These days, a maple bacon doughnut is about unexpected as the standard rainbow-sprinkled variety -- and in the midst of the red velvet craze, it's not surprising to find a fried rendition of the ruby cake amongst the glazed, the twisted, and the old-fashioned.
Still, though L.A. has been dubbed the Doughnut Capital of America, not every corner doughnut shop carries these and other non-traditional creations, so we've hunted down the best spots for unique high-end doughnuts: everything from green tea and orange pistachio to Fruity Pebbles and Irish car bomb. Oh yeah, we also caught a bite of the cronut along the way.
Fōnuts is everything one would expect from a Los Angeles artisan doughnut shop, from its happening location on 3rd, to its modern and upscale interior, to their large gluten-free and vegan menu. But, and this could be a contentious matter, their doughnuts are not fried. We do realize that by definition a doughnut is fried, but hey, this is L.A. and it's 2013 and there's room for expansion. Their strawberry buttermilk and and blueberry Earl Grey cake doughnuts, filled with fresh berries and glazed with an icing of restrained saccharinity, defy physics with a rich but airy texture -- unctuous and palatable in the same bite. Though the berry doughnuts are the stand-outs, honorable mentions include fresh rosemary and olive oil and chocolate hazelnut.
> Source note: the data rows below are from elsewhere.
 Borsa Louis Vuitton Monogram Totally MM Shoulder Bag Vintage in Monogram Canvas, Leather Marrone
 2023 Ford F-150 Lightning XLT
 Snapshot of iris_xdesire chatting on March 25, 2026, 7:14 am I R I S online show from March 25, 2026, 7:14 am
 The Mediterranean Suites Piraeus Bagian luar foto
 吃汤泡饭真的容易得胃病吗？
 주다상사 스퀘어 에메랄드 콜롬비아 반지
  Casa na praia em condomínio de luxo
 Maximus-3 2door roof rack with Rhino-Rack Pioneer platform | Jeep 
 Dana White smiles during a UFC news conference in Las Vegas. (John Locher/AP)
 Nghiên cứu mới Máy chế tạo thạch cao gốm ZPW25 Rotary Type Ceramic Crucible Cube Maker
And, given the unconventionality of the shop, it's not a surprise that the brainchild behind the concept is Waylynn Lucas, former executive pastry chef at The Bazaar. 8104 W 3rd St., Los Angeles; 323-592-3075.
The Nickel has become a real hot spot in the downtown hipster movement, but it's worthy of any Angeleno, transplant or tourist, high and low and of any age. They've been frying off a unique selection of doughnuts since 2008, long before most of the other shops on this list. Here you'll find an Irish car bomb doughnut sandwich with whiskey custard (and it is a bomb, the thing is double the size of an average doughnut), a standard raised doughnut smothered in Nutella and rolled in chopped hazelnuts, and a red velvet sandwich filled with whipped cream and chocolate chips. All of these doughnuts are made from brioche dough, except the red velvet, which gives them a texture heartier than the average yeast raised. They aren't dinky, so don't finish off those steak and eggs if you want to really savor them. 524 S Main St., Los Angeles; 213-623-8301.